If you want to check against a different resolution, simply change the first argument:
checkimages 600 *.tif
This script offers several other image qc features. If an image is not compressed with LZW, it will copy the image to c:/image_sandbox/compress
. This will allow you to run a Photoshop batch process to compress the files. For images that were not scanned at 24-bit color, it will copy the images to c:/image_sandbox/bitdepthissues
. Make sure you create these directories before you run the script for the first time.
Usage:
mods
provides a variety of tools to quality control MODS records. Examples of the most common uses are:
The -c option checks all the MODS records in a given directory to see if there is missing text and then prints the element and filename for the suspect record. The final argument is the starting directory. This script will recursively go through all subdirectories of the starting directory.
mods -c box001
The -Iwbu options automatically add the item ID, box numbers, and URLs to MODS records:
mods -Iwbu box001
To make a global change to the text value of an element, use the -e option. You'll have to also use the -x option to specify an XPath expression for the element you want to edit. NB, the -w option will write over the original file with the edited version. Make sure you test your script well before set it loose on an entire set of records. You will need to use NetDrive to access the server to make changes. It's also a good idea to ask Aaron Addison to run a back-up of oubliette before you make a massive change:
mods -w -e "New element text" -x "/mods:mods/mods:accessCondition[@type='Use and reproduction']" mums312
You can also do a search and replace, editing only the text values that match your search:
mods -w -r "Du Bois" -S "DuBois" -x "//mods:namePart[@type='family']" mums312
This search and replace will look for every <namePart> with Willie's family name misspelled and replace it with the properly spaced version.

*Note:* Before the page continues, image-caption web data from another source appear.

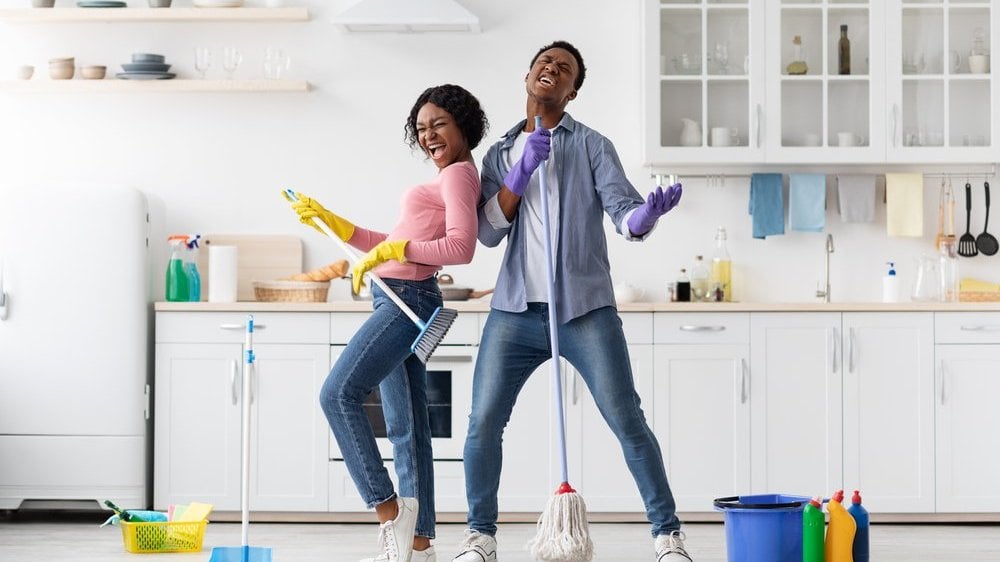 Casal limpando a casa e brincando com os utensílios de limpeza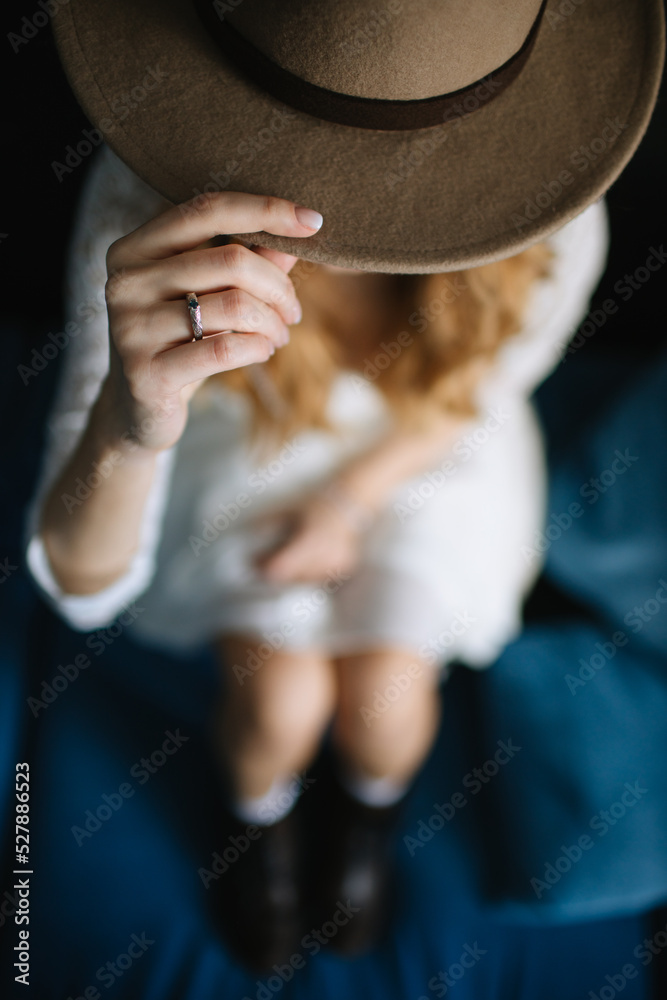 A girl in a white dress sits on a blue sofa. In the foreground is a brown hat, the girl holds the brim of the hat with her hand.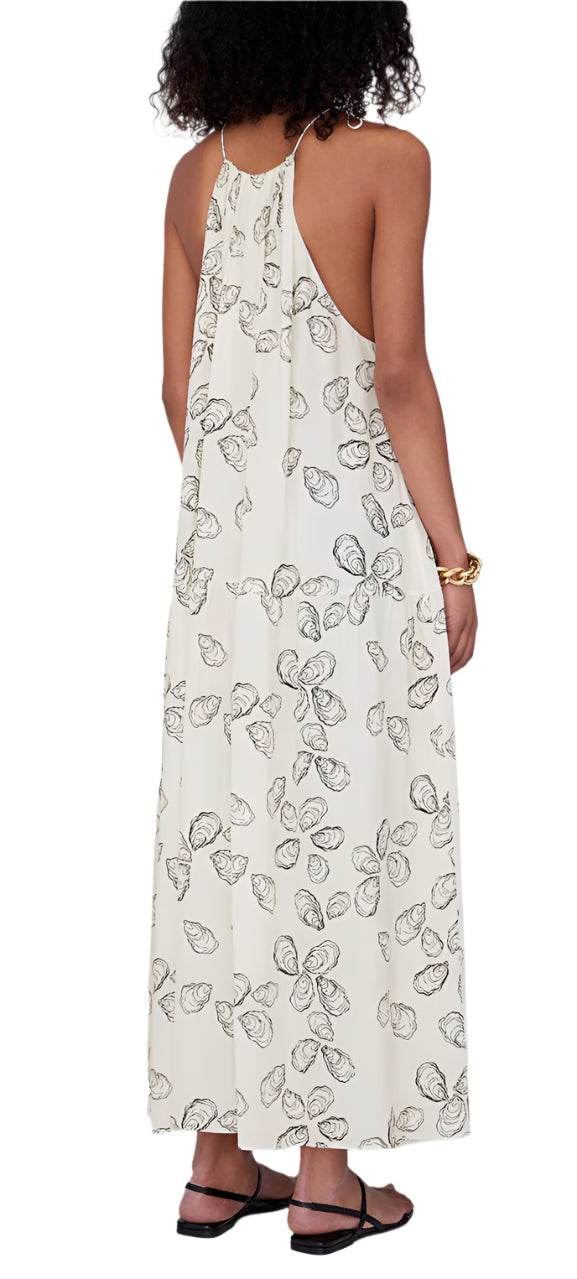 A woman in a Santana Dress by Anine Bing, featuring a long floral pattern and crafted from a luxurious viscose-silk blend, exuding elegance. She is seen from the back wearing sandals and a bracelet.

To add an element use the -a command. Create the element exactly as you want it to appear in the records. You don't need to add the mods prefix to the elements, that will be done automatically. Add the -w to overwrite the existing file at the beginning of the command. If you want to put the element somewhere specific in the record, you'll have to pass the element index to -i, otherwise it will insert the element at the bottom of the record. The index count probably starts at 0 so titleInfo would be 0, name would be 1, and so on. Make sure you test the script on a small amount of records before setting it loose on a bunch.
mods -w -a "<relatedItem><identifier>mums312-s01</identifier></relatedItem>" -i 16
If you wish to login to Credo directly, there is an instance of mods installed there. All of the commands are the same but you have to add .py and you must use regular expressions so certain precautions have to happen to preserve the meaning of certain symbols like so:
mods.py -w -r "Broadsides (notices)" -S "Broadsides \(format\)" -x "//mods:genre[@authority='aat']"
Also check out http://misc.yarinareth.net/regex.html to learn more about regular expressions.
There are more options as well but they get a little tricky so stick with the ones listed unless you feel like fearlessly exploring. You can type mods -h
to get a full set of options.
Usage:
image_view
allows you to view metadata and images side-by-side in order to spot check the images and metadata and whether they correspond.
To use, copy images and metadata to r:/credo/metadata/checkbox
. Go to r:/credo/mods-search/image_view
and double-click on image_view.exe
. A black window should open up and print http://0.0.0.0:8080
.
Point your browser to http://localhost:8080.
N.B This tool needs IE's security loopholes to work. I use the IETab plugin for Firefox or Chrome. When I've loaded the page that lists the item IDs, I change to IE view.
Once you're all set, click on an ID to view the image and the corresponding metadata.